**How to complete this task**
All entries below are to be returned exactly, with pictures left out.

Exercise data: Begin

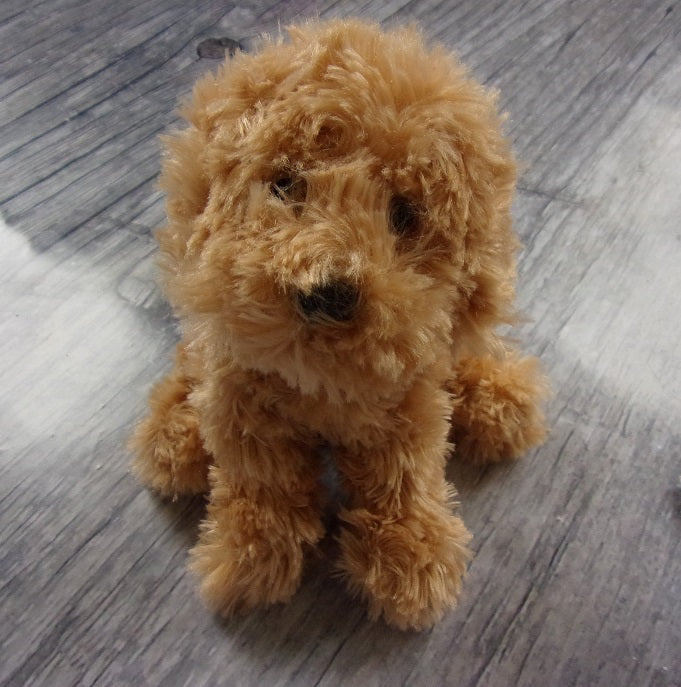 Labradoodle - Shenanigan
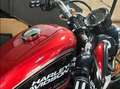Harley-Davidson XL 1200 Rood - thumbnail 3
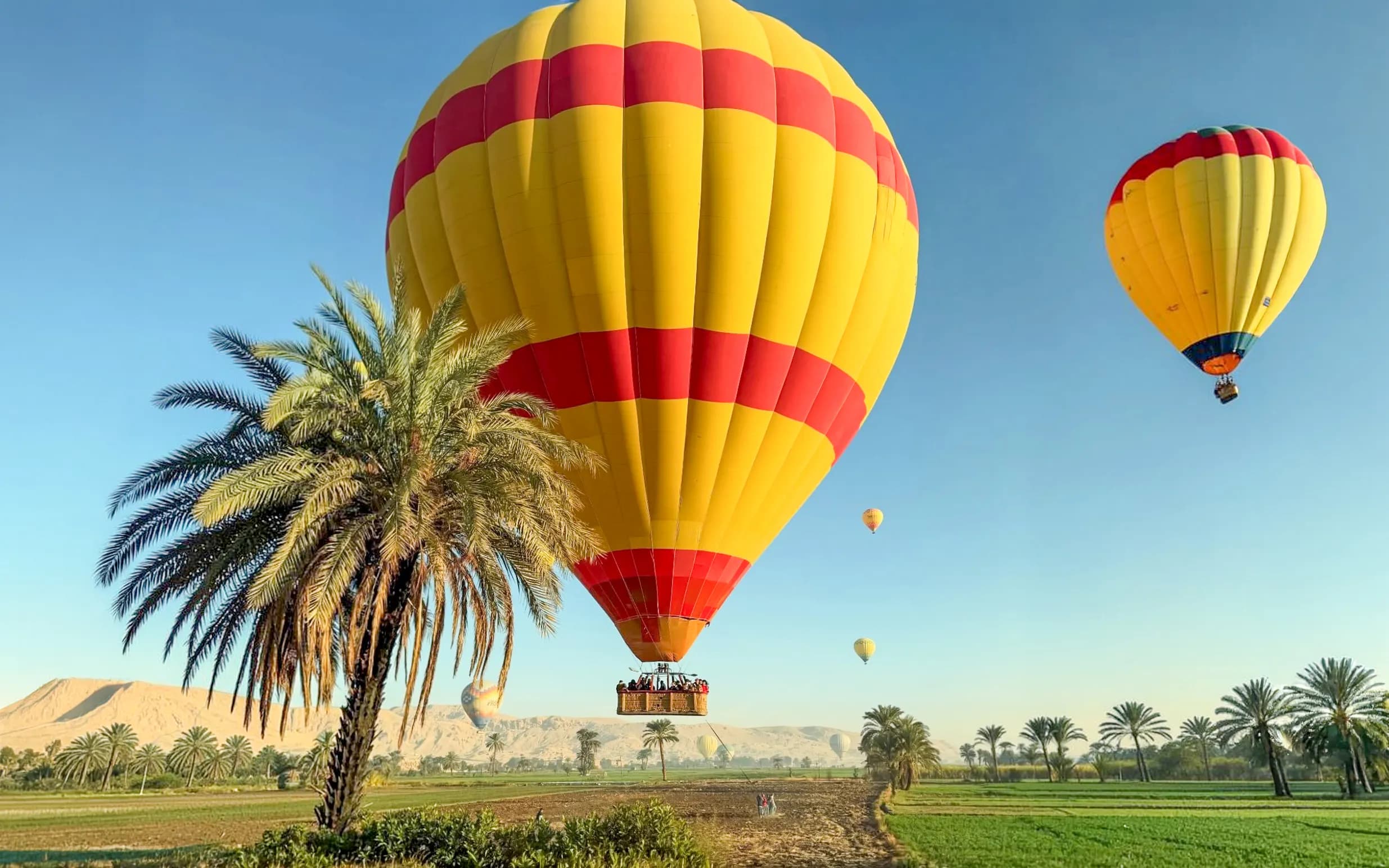 Sunrise Hot Air Balloon Ride in Luxor with Round-Trip Hotel Transfers - image 9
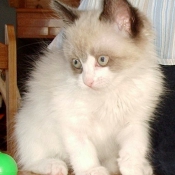 Photo de Ragdoll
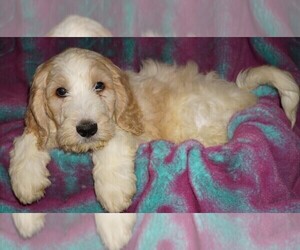Labradoodle Puppy for sale in LA HABRA, CA, USA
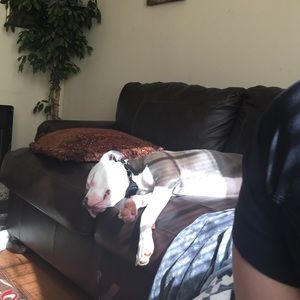 Meet your Posher, Keri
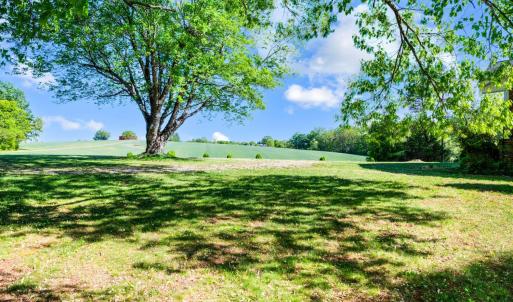 Photo #58 of 1250 Lick Run Farm Road, Forest, VA 1.9 acres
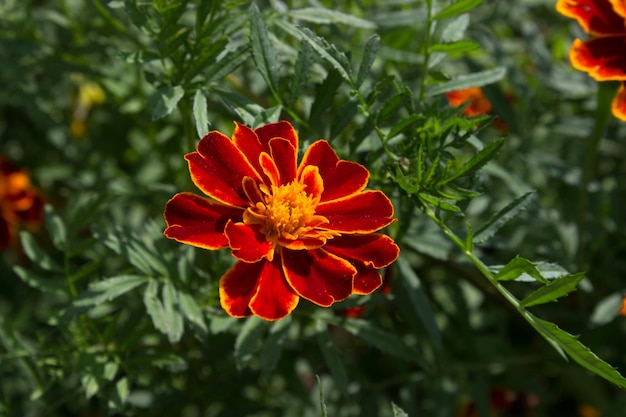 Marigold flowers Tagetes Turkish carnation Imeretian saffron in the garden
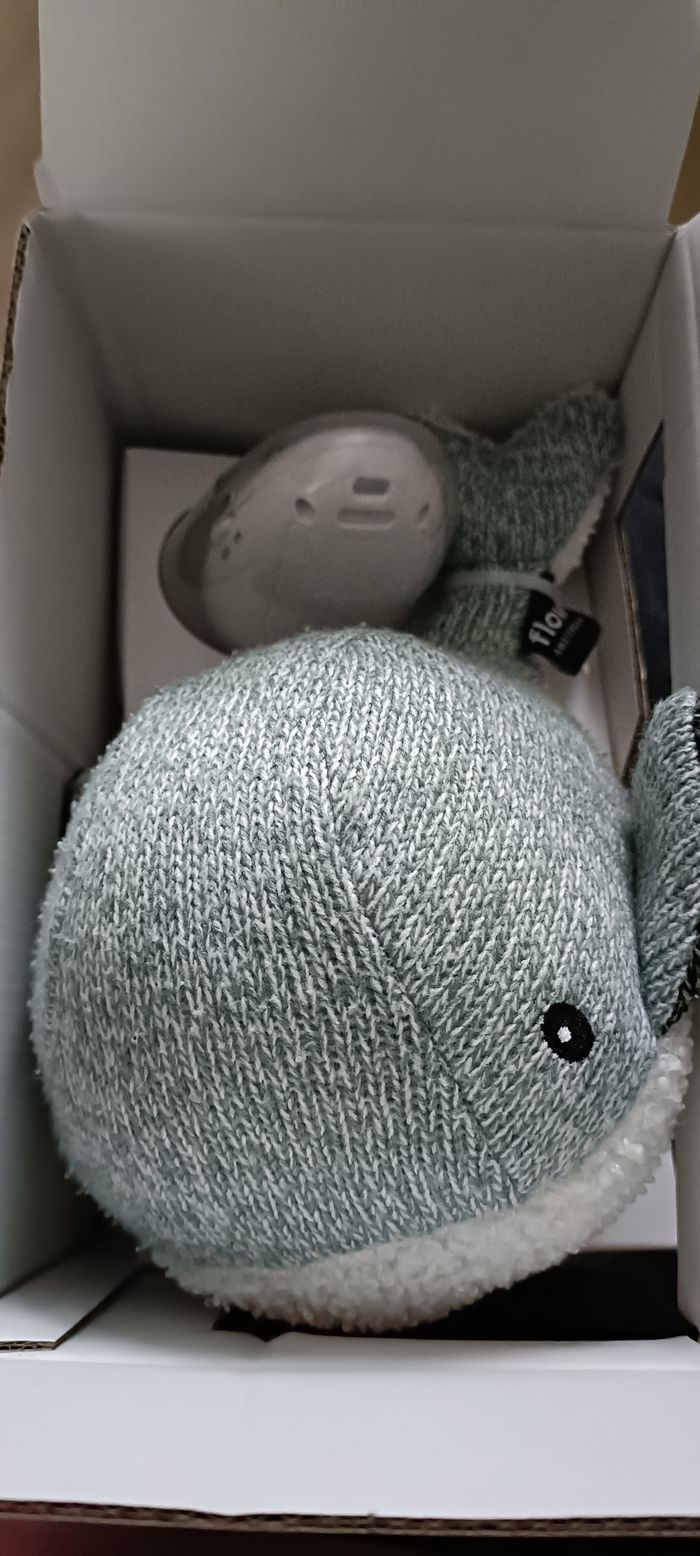 Baleine bruit blanc flow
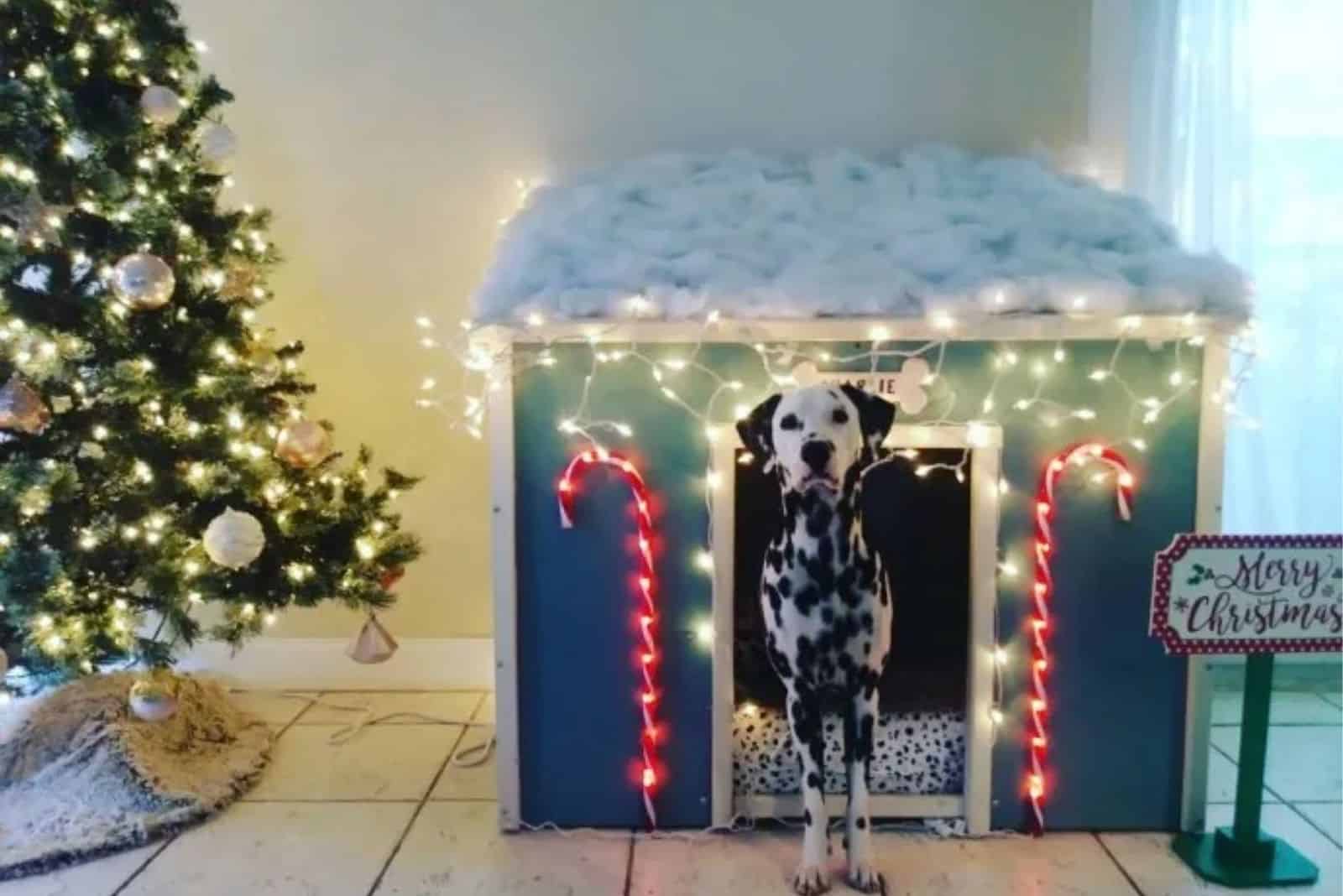 dalmatian dog standing in front of his house decorated for chirstmas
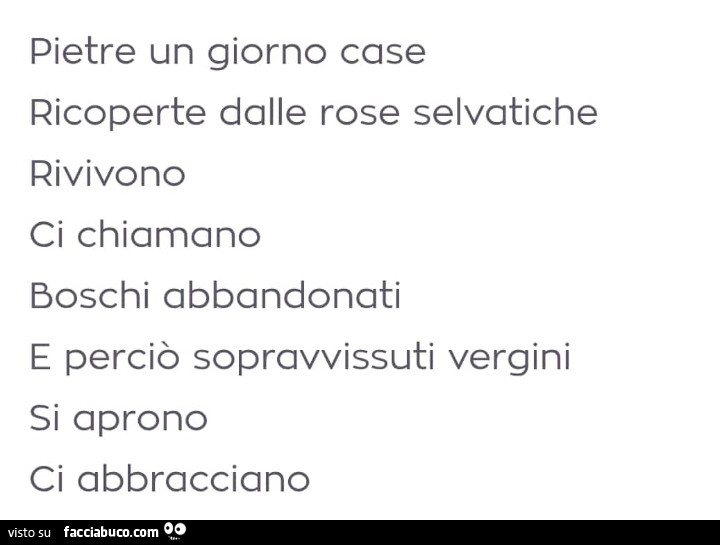 Pietre un giorno case ricoperte dalle rose selvatiche rivivono ci chiamano boschi abbandonati e perciò sopravvissuti vergini si aprono ci abbracciano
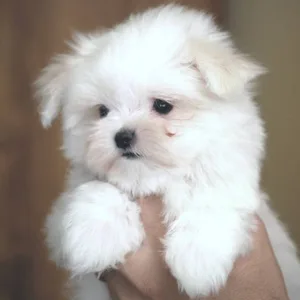 Cockapoo Puppies For Sale in Chennai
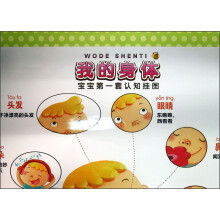 宝宝第一套认知挂图：我的身体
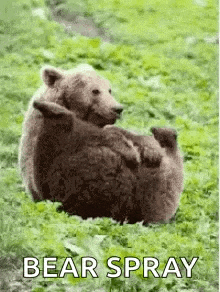 bear spray.gif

Exercise data: End

**Task output**
 Labradoodle - Shenanigan
Harley-Davidson XL 1200 Rood - thumbnail 3
 Sunrise Hot Air Balloon Ride in Luxor with Round-Trip Hotel Transfers - image 9
 Photo de Ragdoll
Labradoodle Puppy for sale in LA HABRA, CA, USA
 Meet your Posher, Keri
 Photo #58 of 1250 Lick Run Farm Road, Forest, VA 1.9 acres
 Marigold flowers Tagetes Turkish carnation Imeretian saffron in the garden
 Baleine bruit blanc flow
 dalmatian dog standing in front of his house decorated for chirstmas
 Pietre un giorno case ricoperte dalle rose selvatiche rivivono ci chiamano boschi abbandonati e perciò sopravvissuti vergini si aprono ci abbracciano
 Cockapoo Puppies For Sale in Chennai
 宝宝第一套认知挂图：我的身体
 bear spray.gif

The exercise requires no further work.